What "fast" actually means
It is easy to nod past a phrase like "billions of molecules in seconds." So sit with the comparison. Traditional virtual screening of ultra-large combinatorial libraries can take months. APEX, the protocol Numerion published, does the comprehensive search in seconds - approximate but exhaustive, in the team's own framing, meaning it does not skip promising chemistry to save time.
The point is not that the computer replaces the chemist. The point Worland keeps making is the opposite: speed restores creativity. When a screen takes months, the chemist asks one careful question and waits. When it takes seconds, the chemist can argue with the machine in real time, follow a hunch, reverse it, try the weird idea. The bottleneck was never imagination. It was throughput.
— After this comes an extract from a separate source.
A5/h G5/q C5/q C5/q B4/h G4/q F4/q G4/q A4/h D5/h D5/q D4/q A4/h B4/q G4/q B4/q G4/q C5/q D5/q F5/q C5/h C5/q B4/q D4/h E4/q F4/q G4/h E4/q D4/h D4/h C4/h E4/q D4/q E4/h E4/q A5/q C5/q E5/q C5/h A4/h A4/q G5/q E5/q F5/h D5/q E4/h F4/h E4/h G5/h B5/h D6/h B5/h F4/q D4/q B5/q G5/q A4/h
Michigan, Berkeley, Harvard
The pedigree is almost theatrically strong. Worland earned a B.S. with Highest Honors in Biological Chemistry from the University of Michigan, a Ph.D. in Chemistry from the University of California, Berkeley, and went on to a postdoctoral fellowship in Molecular Biology at Harvard University as a National Institutes of Health fellow. Three institutions, three of the deepest benches in American science, one through-line: the molecular logic of how chemistry becomes biology.
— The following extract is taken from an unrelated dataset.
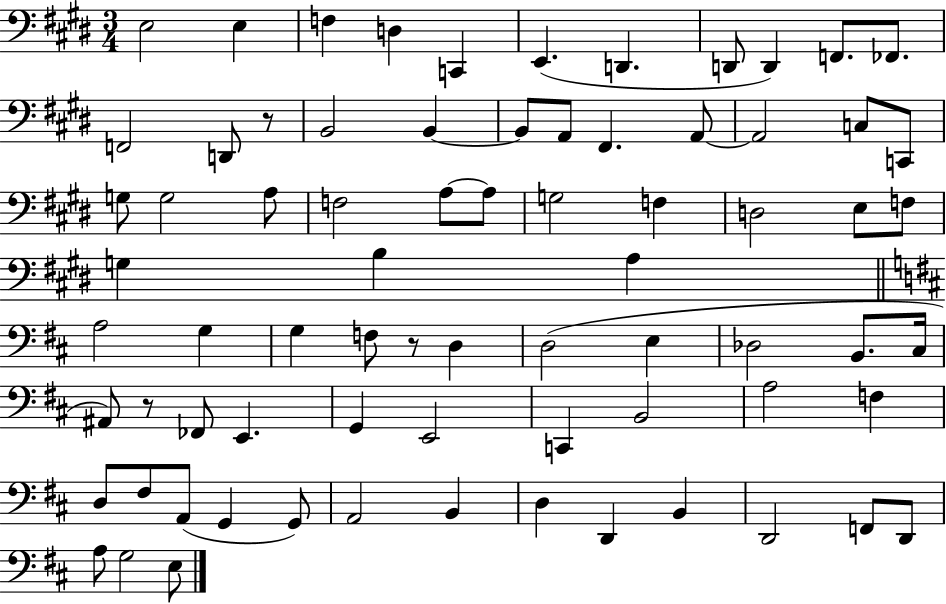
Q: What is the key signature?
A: E major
That training matters to the story because it explains his credibility with the scientists he now leads. When he calls the Numerion team "world-class," it reads less like a press release and more like a peer's verdict. He has done the experiments. He knows what a false hit costs a program a year later.
The board seats and the next bet
Worland's reach extends past one company. He sits on the board of Blacksmith Medicines and has served as a director at Tracon Pharmaceuticals, Forge Therapeutics, and GenMark Diagnostics. He advises emerging biotech companies and speaks on AI in drug discovery. The pattern is consistent: he keeps putting himself wherever the science is hardest and the odds are longest.
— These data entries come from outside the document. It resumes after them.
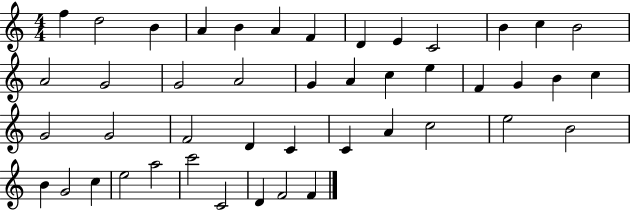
{
  \clef treble
  \numericTimeSignature
  \time 4/4
  \key c \major
  f''4 d''2 b'4 | a'4 b'4 a'4 f'4 | d'4 e'4 c'2 | b'4 c''4 b'2 | \break a'2 g'2 | g'2 a'2 | g'4 a'4 c''4 e''4 | f'4 g'4 b'4 c''4 | \break g'2 g'2 | f'2 d'4 c'4 | c'4 a'4 c''2 | e''2 b'2 | \break b'4 g'2 c''4 | e''2 a''2 | c'''2 c'2 | d'4 f'2 f'4 | \break \bar "|."
}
What he is chasing now is a world where comprehensively searching chemical space is routine - so ordinary that a chemist and a computer trade ideas in a single afternoon and walk out with a better starting molecule than either would have found alone. It is an unglamorous ambition dressed in glamorous numbers. Strip away the GPU benchmarks and the goal is the same one he has had since Agouron: find the medicine faster, and find the one that actually works.
There is something fitting about a chemist who helped seed an antiviral that protected millions now spending his energy on the tooling for the next one. He has seen how long the road from idea to pharmacy really is. Cutting even a stretch of it - honestly, exhaustively, without cheating the science - would be a career's worth of impact layered on top of a career he already had.